Yeah I also noticed the install instructions is run this batch file that gets administrator access and starts downloading things…

gruez

12 hours ago

It's not any worse than all the projects on github with an "easy" install instructions of "curl ... | sudo sh". Heck, even an innocent "sudo make install" command can easily contain a malicious payload.

elif

3 hours ago

Yea not to mention the entire homebrew ecosystem is built around trusting random people's shell scripts.

MacOS devs blindly trust it like it's the app store.

pmarreck

5 minutes ago

A simple `brew cat <packagename>` (possibly piping to bat if you want syntax highlighting) should spit out the ruby install formula for that package, for inspection.

tonyedgecombe

9 hours ago

It's not really the sort of tool that should require admin rights though.

chefandy

12 hours ago

Yeah it’s not great but it’s definitely not unusual. And windows reputation-based execution blocking does have false positives. I work for a company that has some very very popular products and some that only see a few dozen downloads per week, and despite being signed, it still takes a while for new versions to build enough rep to not trigger the block.

muglug

13 hours ago

These tools make it very easy to scam vulnerable people, and have pretty limited use otherwise.

mistercow

2 hours ago

It’s weird to me that people look at a technology and then assume from their reckoning that they know all the uses for that technology immediately. Most technological progress happens because someone notices a creative use for something that already exists which nobody else has noticed.

Larrikin

12 hours ago

I'm absolutely using celebrity voices for my Home Assistant voice. Amazon has spent the last couple years removing the voices for Alexa that people had paid for.

nickthegreek

an hour ago

I’d love some more info on using custom voices in HA. I have an esp32-s3-box that I am setting up holiday to do voice with HA.

chefandy

12 hours ago

To be fair, they’ve got pretty serious potential for letting tech companies get paid for a seasoned voice actor’s unique delivery, tone, inflection, etc rather than the voice actor themselves.

whaaaaat

10 hours ago

> they’ve got pretty serious potential for letting tech companies get paid for a seasoned voice actor’s unique delivery, tone, inflection, etc rather than the voice actor themselves.

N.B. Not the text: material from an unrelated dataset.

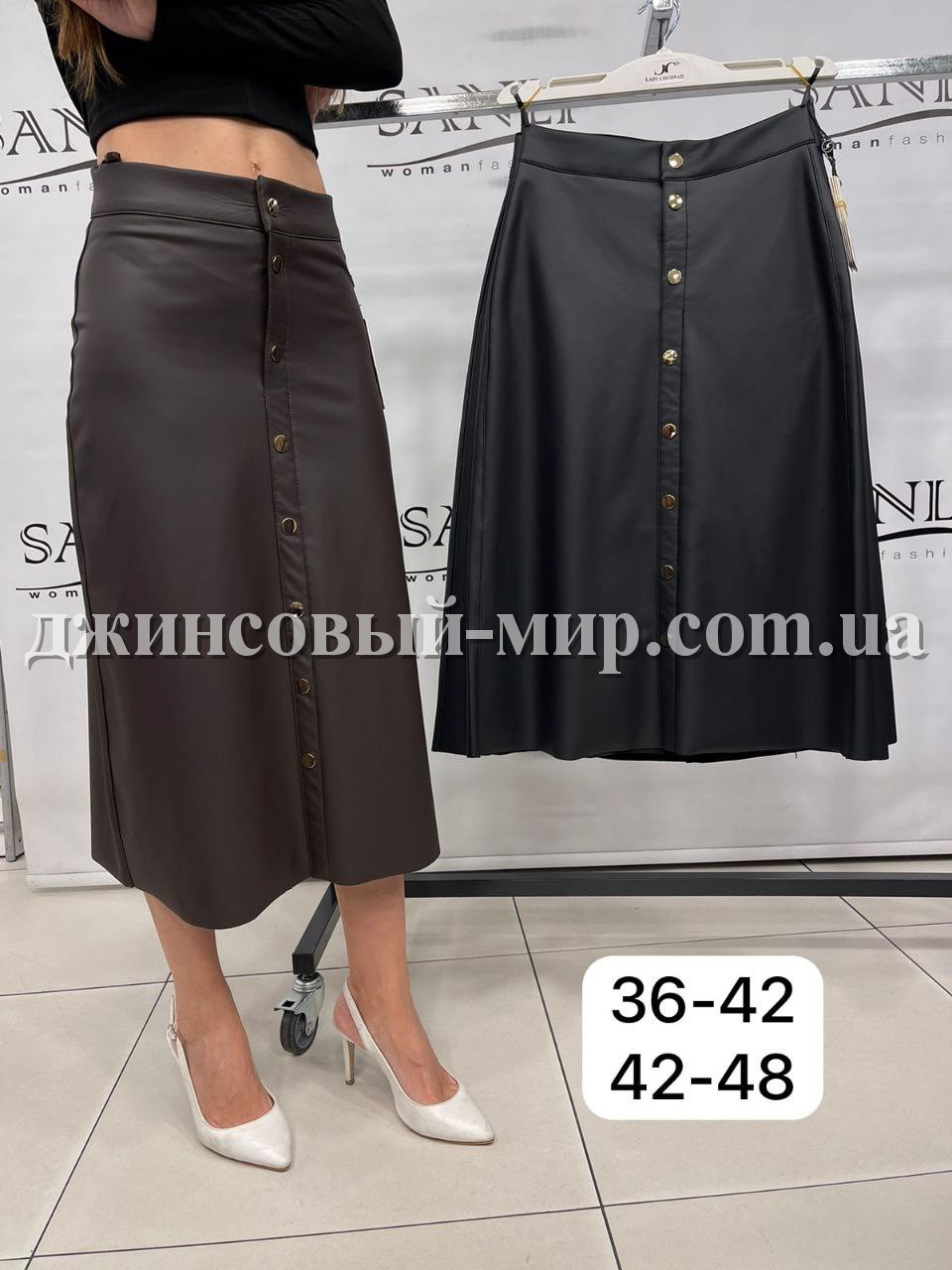 Женская Юбка Из Эко Кожи Lady Coconad (Большие размеры)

I think you mean "steal the labor of an actor"?

chefandy

10 hours ago

Sure, and people that already agree with you will feel good reading it, but other people who don’t agree see it as an attack. It’s pretty much impossible to slip a new idea into someone’s mind if your approach made them slam the door before even considering it. So what’s the benefit of saying it like that?

gmueckl

10 hours ago

It calls attention to the ethical implications of using a part of someone else's personal identity without their direct involvement.

MrDrMcCoy

9 hours ago

Indirect involvement can still be ok within the confines of a license agreement for using the actor's voice.

ideashower

2 hours ago

> Indirect involvement can still be ok within the confines of a license agreement for using the actor's voice.

This assumes existence of a license agreement or likeness/right of publicity law that prevents unauthorized use. But this is far from the case.

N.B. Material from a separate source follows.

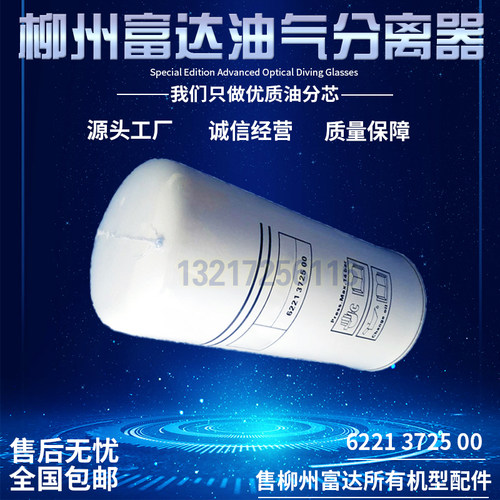 柳州富达LU22-37kw螺杆空压机油气分离器6221372500高品质油分芯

Companies have shown willingness to use actors’ voices to create synthetic voices without permission, compensation, or regard for their livelihoods. [1][2][3]

[1] https://animehunch.com/popular-japanese-voice-actors-band-to...

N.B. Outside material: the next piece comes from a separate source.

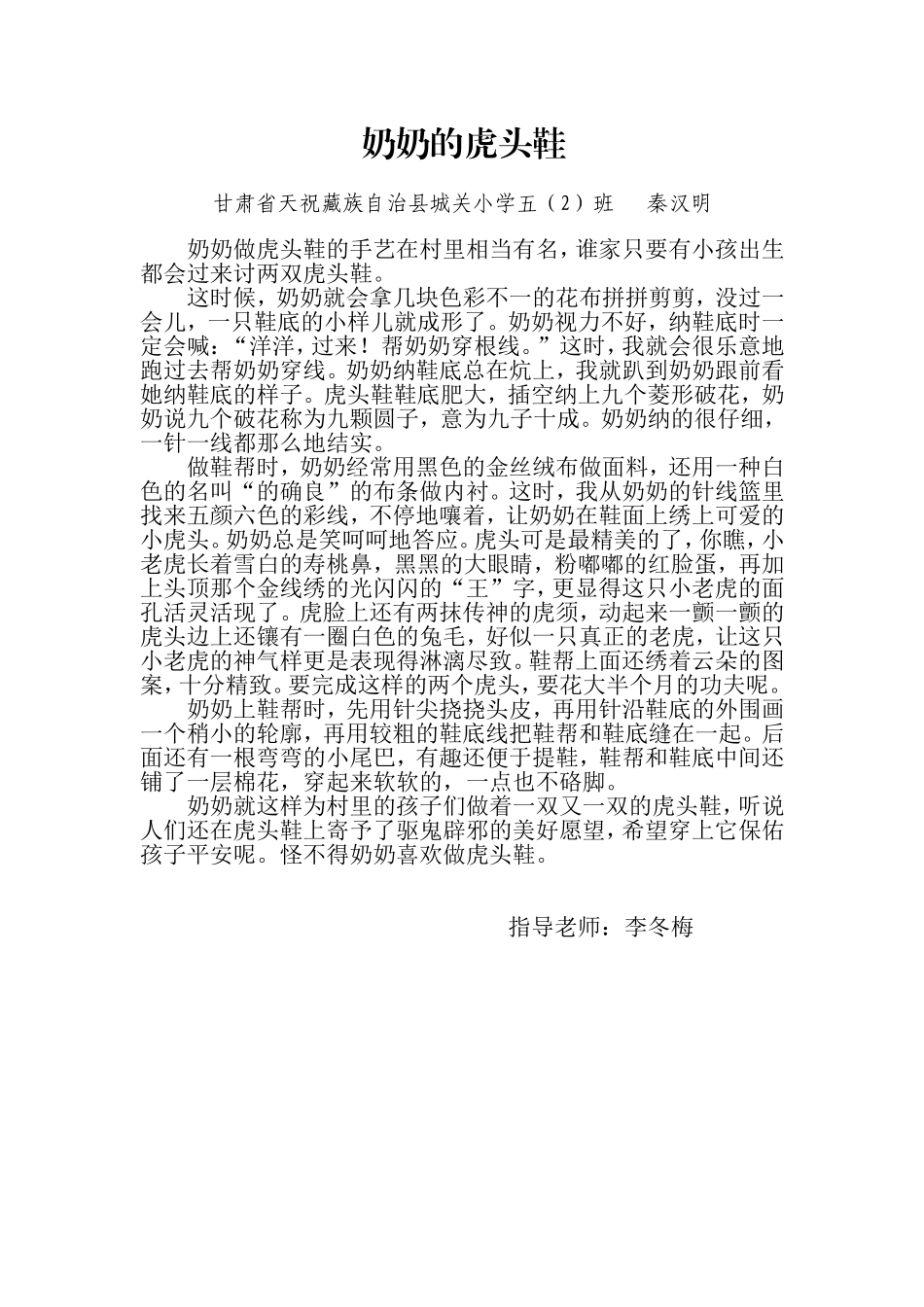 奶奶的虎头鞋_第1页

[2] https://www.theatlantic.com/technology/archive/2024/05/eleve...

[3] https://www.yahoo.com/entertainment/morgan-freeman-calls-una...

MrDrMcCoy

an hour ago

Of course we need laws in place to require such licensing. The fact that people are having their voice stolen now does not mean that there should never be a case where a voice can legally be cloned and used by a third party.

gmueckl

6 hours ago

But this requires a legal framework that mandates such licenses and effective emforcement / procecution of violations.

As far as I know, most countries are lagging behind when it comes to updating legislation to set binding rules around that.

anonzzzies

9 hours ago

They are pretty good for leaving messages for my blind friend. I generally find calling / voice texts a waste of time (I type and read far faster than I talk or listen, not to mention the ability to reread etc), but my blind friend prefers getting voice messages when on his phone and this works for us. I type and send and when he comes back with something, Whisper makes it into text for me.

casey2

9 hours ago

I like tools like these cause they make zero trust default even more obvious, and their "pretty limited use" is saving people hours of work.

chefandy

12 hours ago

Gen AI space to everyone else: “Your computer scientists were so preoccupied with whether or not they should, they didn’t stop to think if they could just do it anyway”

tsujamin

13 hours ago

Bulldozing grandma is just the cost of technological progress /s

uh_uh

12 hours ago

This tech is going to be ubiquitous, it's just too easy to distribute it. Grandma better starts adapting now.

thejazzman

12 hours ago

Because people make it so, not because the natural order of the world gets us there

For some reason because we can validates that we should. Any jackass has the power of a research team of phds. It's kinda weird.

chefandy

12 hours ago

Indeed. Humans ascended to dominance because we can cooperate. This every-man-for-themself idea is an aberration, not the natural order as so many claim. It’s rather astounding to think otherwise considering the logistics of how we’re communicating right now.

uh_uh

12 hours ago

Cooperation works if the potential damage caused by a rouge actor is sufficiently low. Otherwise, it's too easy to sabotage things. This is why we don't want random rouge states to have nukes. AI will give so much leverage to rouge actors that it will significantly shift the game theory in favour of not cooperating.

chefandy

10 hours ago

> Cooperation works if the potential damage caused by a rouge actor is sufficiently low. Otherwise, it's too easy to sabotage things. This is why we don't want random rouge states to have nukes. AI will give so much leverage to rouge actors that it will significantly shift the game theory in favour of not cooperating.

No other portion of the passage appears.